La Exxon Mobil Corp, colosso petrolifero statunitense, ha ripreso le operazioni presso le sue strutture in Nigeria a seguito di una disputa in merito alla retribuzione che ha visto il sindacato interno dei lavoratori dell’azienda intraprendere un’azione sindacale.
Tale azione aveva portato tre unità della Exxon – che ha già subito una nazionalizzazione in Ciad – a dichiarare la forza maggiore sui prelievi nei suoi terminal su suolo nigeriano, che avrebbe consentito loro di aggirare gli obblighi contrattuali e continuare l’estrazione anche durante la vertenza sindacale. In una nota la Exxon aveva affermato che avrebbero continuato “a intraprendere tutte le azioni ragionevoli necessarie per risolvere l’impasse il prima possibile”. Nella giornata di ieri un portavoce della società ha dichiarato che le sue tre imprese, Mobil Producing Nigeria Unlimited, Esso Exploration and Production Nigeria Limited, ed Esso Exploration and Production Limited allo stato attuale sono operanti a livelli normali. Ciò avviene a seguito di un adeguamento salariale accettato dal sindacato, che ha determinato la fine della controversia mediata anche dal contributo della società petrolifera statale nigeriana (NNPC Ltd).

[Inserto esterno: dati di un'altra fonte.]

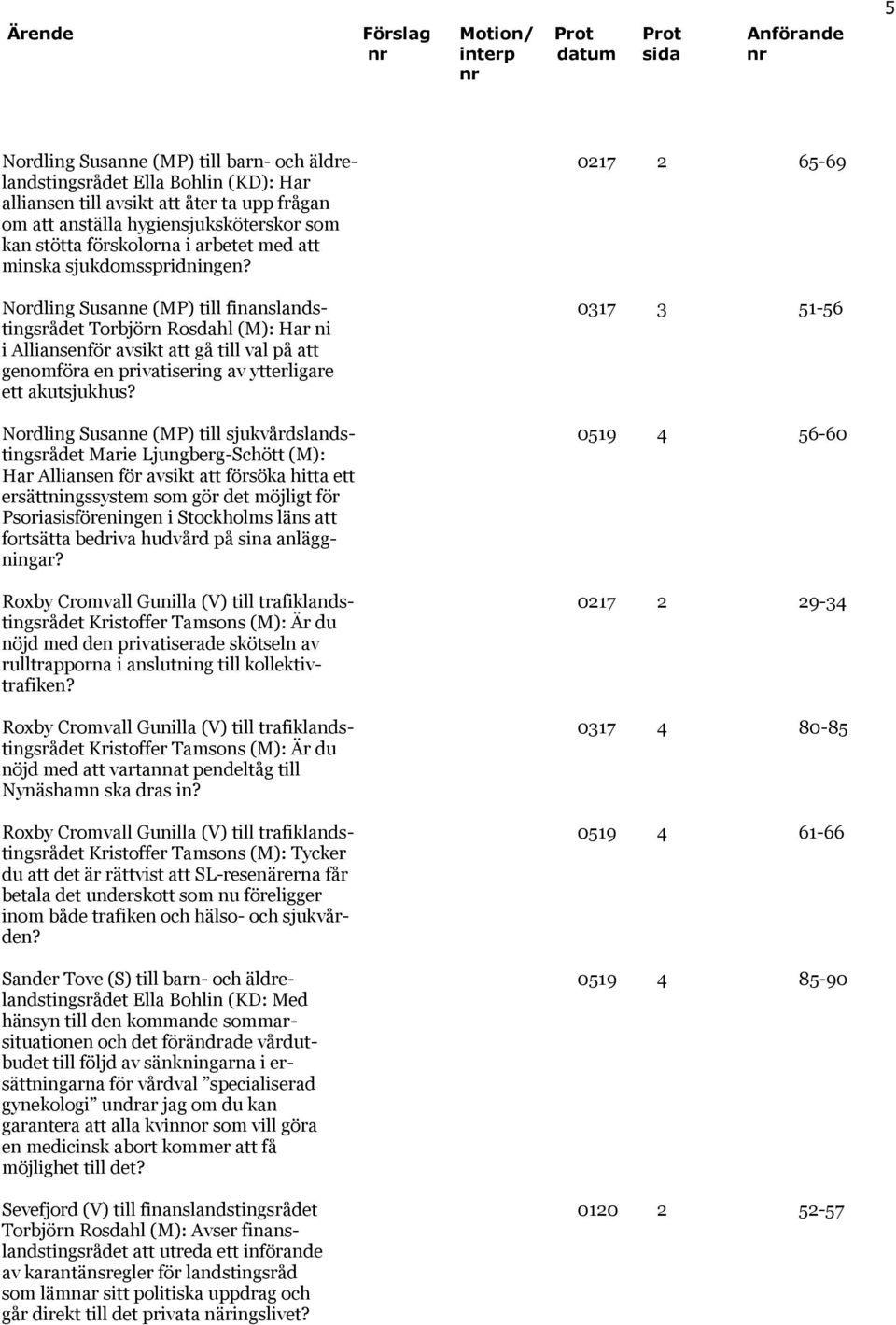 Nordling Susanne (MP) till finanslands- 0317 3 51-56 tingsrådet Torbjörn Rosdahl (M): Har ni i Alliansenför avsikt att gå till val på att genomföra en privatisering av ytterligare ett akutsjukhus?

Nel frattempo, il settore petrolifero nigeriano vive un’altra fibrillazione legata ai sussidi statali che il governo nigeriano uscente ha sin qui provveduto ad emanare in favore del settore. Il presidente eletto, Bola Tinubu, prevede di interrompere il pagamento dei sussidi una volta che assumerà l’incarico nel maggio di quest’anno. Al momento, però, il ministero delle finanze nigeriano fa sapere che al momento il sussidio carburanti non è sospeso perché “non è il momento migliore per sospendere tale sussidio”. In effetti, la Nigeria a febbraio aveva ottenuto dalla Banca Mondiale un prestito di 800 milioni di dollari per compensare – o forse in cambio di? – l’abolizione del sussidio.